Work order: Your answer should consist of each line below that includes the word "Seeds".

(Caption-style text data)
········

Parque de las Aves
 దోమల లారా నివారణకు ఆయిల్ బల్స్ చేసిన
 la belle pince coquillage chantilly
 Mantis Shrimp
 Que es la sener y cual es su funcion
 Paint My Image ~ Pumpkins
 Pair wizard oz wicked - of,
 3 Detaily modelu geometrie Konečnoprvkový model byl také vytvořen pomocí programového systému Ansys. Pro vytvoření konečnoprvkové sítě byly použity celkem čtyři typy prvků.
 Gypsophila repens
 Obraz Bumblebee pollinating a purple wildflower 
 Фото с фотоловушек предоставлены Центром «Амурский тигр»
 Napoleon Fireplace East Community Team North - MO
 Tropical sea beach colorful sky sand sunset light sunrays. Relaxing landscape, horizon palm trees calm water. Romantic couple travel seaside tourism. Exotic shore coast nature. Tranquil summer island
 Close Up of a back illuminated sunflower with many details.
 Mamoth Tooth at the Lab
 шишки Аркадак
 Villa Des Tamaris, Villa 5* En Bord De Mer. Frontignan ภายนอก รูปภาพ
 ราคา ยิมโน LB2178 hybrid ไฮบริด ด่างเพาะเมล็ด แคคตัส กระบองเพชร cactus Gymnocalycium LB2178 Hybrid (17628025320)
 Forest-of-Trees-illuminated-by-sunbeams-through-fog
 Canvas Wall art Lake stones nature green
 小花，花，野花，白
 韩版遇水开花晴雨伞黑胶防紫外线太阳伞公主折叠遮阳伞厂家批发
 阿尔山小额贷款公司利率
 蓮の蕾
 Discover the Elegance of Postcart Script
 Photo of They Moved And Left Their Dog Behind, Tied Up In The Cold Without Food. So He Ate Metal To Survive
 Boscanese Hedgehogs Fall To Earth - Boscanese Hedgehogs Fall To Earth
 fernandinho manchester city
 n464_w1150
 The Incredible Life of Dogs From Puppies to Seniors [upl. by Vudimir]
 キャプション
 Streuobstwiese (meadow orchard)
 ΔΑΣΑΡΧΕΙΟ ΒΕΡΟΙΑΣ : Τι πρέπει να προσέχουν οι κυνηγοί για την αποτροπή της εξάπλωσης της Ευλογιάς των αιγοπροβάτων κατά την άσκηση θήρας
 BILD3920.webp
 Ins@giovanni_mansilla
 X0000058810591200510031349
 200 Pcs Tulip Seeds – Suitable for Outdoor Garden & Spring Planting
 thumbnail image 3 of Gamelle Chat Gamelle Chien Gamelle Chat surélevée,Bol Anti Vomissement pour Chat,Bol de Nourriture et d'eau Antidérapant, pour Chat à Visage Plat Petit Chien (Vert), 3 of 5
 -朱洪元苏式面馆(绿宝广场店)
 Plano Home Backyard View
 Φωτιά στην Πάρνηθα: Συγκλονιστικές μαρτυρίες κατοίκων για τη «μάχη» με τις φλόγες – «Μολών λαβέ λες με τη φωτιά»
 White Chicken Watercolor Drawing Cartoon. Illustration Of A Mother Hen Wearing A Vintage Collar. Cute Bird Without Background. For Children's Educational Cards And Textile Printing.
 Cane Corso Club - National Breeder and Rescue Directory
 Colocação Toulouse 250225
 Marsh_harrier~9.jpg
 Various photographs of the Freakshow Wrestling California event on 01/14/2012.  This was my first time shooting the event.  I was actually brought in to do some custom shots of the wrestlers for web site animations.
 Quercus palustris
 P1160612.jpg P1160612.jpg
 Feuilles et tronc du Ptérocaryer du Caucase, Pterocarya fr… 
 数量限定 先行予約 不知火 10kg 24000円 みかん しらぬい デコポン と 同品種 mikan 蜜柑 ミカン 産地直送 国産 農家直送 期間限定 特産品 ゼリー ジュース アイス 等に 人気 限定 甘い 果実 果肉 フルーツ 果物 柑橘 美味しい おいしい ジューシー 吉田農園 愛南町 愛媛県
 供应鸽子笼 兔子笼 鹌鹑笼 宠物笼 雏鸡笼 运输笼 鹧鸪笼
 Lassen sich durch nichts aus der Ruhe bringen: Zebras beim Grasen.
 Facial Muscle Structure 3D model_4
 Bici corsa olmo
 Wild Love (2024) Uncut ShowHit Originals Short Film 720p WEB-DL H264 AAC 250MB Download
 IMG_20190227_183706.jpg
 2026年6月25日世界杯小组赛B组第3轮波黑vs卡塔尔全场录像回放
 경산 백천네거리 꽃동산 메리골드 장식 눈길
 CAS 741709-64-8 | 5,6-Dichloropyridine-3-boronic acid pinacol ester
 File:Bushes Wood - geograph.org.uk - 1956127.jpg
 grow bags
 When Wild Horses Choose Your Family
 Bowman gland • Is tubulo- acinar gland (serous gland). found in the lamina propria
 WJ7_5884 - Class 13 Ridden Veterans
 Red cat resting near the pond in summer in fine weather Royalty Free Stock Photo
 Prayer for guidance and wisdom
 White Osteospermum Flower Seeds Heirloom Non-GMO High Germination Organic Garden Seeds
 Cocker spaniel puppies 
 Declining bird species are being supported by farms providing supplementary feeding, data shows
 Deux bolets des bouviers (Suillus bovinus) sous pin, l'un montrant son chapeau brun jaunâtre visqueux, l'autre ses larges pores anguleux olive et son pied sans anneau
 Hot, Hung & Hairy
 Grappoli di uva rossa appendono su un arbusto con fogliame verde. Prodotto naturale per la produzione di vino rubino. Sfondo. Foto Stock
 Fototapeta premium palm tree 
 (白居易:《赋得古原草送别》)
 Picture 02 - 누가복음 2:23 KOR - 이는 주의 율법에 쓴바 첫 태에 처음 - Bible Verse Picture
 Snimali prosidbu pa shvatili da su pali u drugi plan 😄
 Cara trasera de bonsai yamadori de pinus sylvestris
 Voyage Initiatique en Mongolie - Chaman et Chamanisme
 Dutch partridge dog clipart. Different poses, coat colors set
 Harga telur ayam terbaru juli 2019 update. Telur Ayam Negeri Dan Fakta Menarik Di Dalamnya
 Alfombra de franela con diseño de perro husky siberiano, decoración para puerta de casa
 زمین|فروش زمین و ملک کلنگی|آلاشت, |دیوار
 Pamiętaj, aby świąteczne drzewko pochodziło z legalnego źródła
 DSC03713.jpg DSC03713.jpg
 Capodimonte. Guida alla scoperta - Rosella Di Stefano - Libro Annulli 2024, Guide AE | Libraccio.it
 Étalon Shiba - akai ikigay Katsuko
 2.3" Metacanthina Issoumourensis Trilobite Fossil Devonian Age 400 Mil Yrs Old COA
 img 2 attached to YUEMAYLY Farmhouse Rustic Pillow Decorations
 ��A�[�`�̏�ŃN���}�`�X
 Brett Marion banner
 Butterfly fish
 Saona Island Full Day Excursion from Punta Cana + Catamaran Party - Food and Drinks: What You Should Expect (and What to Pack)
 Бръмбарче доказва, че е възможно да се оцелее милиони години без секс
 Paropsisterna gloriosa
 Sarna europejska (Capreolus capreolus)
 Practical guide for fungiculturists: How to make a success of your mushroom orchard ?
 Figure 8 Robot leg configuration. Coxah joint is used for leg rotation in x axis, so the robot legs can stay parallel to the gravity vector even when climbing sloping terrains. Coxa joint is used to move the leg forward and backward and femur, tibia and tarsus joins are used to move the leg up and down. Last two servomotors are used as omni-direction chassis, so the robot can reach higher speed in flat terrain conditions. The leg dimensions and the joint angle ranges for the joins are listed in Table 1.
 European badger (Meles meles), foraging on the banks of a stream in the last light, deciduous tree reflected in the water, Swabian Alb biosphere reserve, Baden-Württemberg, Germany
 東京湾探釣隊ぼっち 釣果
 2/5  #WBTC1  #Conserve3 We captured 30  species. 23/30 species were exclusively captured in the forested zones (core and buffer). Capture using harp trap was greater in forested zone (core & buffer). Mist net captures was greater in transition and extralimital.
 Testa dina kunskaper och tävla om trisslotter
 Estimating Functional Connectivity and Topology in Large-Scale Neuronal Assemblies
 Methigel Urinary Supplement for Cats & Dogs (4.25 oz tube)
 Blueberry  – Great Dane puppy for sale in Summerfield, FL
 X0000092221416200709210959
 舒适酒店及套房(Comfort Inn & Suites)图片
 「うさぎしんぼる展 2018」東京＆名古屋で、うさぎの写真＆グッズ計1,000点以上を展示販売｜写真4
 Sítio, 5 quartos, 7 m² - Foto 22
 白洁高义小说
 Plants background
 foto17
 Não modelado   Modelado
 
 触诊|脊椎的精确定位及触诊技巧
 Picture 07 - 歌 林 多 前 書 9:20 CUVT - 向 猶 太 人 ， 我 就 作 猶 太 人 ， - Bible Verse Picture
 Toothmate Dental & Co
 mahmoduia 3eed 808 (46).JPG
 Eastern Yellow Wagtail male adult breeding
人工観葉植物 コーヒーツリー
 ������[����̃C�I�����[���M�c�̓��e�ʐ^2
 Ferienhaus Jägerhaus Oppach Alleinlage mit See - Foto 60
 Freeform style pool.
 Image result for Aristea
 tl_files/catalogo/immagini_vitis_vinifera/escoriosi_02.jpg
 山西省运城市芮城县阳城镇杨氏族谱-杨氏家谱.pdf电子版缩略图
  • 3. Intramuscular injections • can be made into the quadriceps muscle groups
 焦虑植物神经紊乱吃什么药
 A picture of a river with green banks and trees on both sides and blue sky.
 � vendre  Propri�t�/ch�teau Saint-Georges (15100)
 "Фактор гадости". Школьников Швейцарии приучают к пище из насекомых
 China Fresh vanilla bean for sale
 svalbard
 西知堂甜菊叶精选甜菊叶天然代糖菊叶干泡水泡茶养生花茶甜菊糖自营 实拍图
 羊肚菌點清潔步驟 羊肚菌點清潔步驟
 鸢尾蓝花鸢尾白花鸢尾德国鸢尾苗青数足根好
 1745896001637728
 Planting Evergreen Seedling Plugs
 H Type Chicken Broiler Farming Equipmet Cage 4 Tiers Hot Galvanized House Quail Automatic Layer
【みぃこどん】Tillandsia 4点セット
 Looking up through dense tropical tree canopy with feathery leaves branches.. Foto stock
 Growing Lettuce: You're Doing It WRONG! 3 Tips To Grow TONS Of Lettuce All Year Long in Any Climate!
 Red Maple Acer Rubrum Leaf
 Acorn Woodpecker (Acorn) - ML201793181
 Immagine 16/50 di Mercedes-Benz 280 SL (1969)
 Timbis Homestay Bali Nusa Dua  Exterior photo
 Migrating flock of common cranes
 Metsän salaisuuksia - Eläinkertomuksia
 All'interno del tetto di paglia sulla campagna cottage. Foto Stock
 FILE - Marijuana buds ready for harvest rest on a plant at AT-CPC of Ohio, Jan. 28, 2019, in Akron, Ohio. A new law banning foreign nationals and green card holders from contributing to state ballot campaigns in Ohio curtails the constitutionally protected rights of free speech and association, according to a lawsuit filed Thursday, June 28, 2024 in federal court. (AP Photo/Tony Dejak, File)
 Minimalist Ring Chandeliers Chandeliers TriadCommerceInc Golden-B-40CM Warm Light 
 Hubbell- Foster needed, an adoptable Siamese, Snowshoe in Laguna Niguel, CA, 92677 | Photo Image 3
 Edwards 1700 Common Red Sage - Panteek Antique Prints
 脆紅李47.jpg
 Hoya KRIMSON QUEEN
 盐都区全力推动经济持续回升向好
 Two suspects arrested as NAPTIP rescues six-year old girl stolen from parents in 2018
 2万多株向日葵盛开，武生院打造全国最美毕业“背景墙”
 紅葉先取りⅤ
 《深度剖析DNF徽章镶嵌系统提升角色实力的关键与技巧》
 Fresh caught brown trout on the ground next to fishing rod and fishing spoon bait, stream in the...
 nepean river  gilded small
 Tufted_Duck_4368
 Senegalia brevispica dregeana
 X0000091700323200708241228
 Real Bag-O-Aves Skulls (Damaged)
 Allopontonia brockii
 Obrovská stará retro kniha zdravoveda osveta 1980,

········

Result of the exercise:
 200 Pcs Tulip Seeds – Suitable for Outdoor Garden & Spring Planting
 White Osteospermum Flower Seeds Heirloom Non-GMO High Germination Organic Garden Seeds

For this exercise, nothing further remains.